Despite 11 years of sate concurrency requirements and 19 years of Orange County policies to address schools overcrowding, some areas of the county continue to grow so fast that schools are not keeping up, so Lee Steinhauer wants to see Orange County set a standard for school capacity.
Steinhauer, a lobbyist and lawyer who is a member of the Orange County Charter Review Commission as well as a Republican candidate for House District 44, has proposed a county charter amendment to appear before voters in 2020 that would require new schools be planned if an existing school is chronically overcrowded.
School concurrency laws and Orange County’s impact fees and policies address funding and requirements for new schools based on land development, seeking to make sure schools are developed concurrently with growth. Steinhauer’s proposal would have such requirements based on actual student enrollments in individual overcrowded schools.
The standard Steinhauer is proposing is that if an Orange County public school is at over over 120 percent of its defined capacity for longer than a two year period, a relief school must be planned. But he said his intention is to work toward a workable fixed standard that the county, the Orange County School District, and families can live with and count on to assure that schools don’t remain overcrowded.

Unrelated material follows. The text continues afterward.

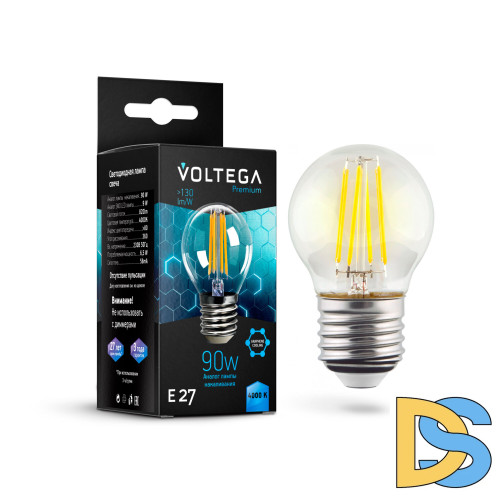 Лампа светодиодная филаментная Voltega E27 7W 4000K шар прозрачный VG10-G45E27cold9W-F 7139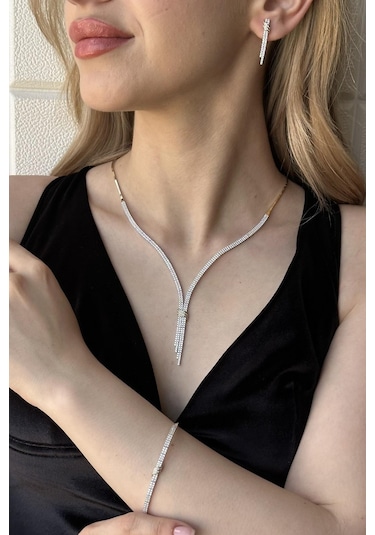 Zümrüt Sarraf 14 Ayar Altın Desenli Su Yolu Kolye Bileklik Küpe Üçlü Set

“I live in Horizons West, which is one of the fastest-growing areas of Orange County, and where the issue of schools overcrowding, of schools being over capacity, well over capacity, is very acute,” Steinhauer said. “This is kind of the epicenter of the issue. I hear residents here are extremely concerned about the issue…. The problem just keeps getting worse.”
His proposal will go before the full Orange County Charter Review Commission at its Oct. 2 meeting, along with proposals to grant rights to the Wekiva and Econlockhatchee rivers, to expand the Orange County Commission, to limit appointments of lobbyists to county boards, and to make easier the Orange County Charter petition process for amendments.
“Very simply what I am attempting to do is set a standard by which people seek to achieve, with coordination between the county, school board and local governments, a standard that says we are not going to allow a school in our county to remain over a certain level over their capacity for a certain period of time without it being relieved,” Steinhauer said.
Last week Steinhauer took his proposal, informally, to the Orange County School Board, inviting school officials to weigh in on the charter amendment review process.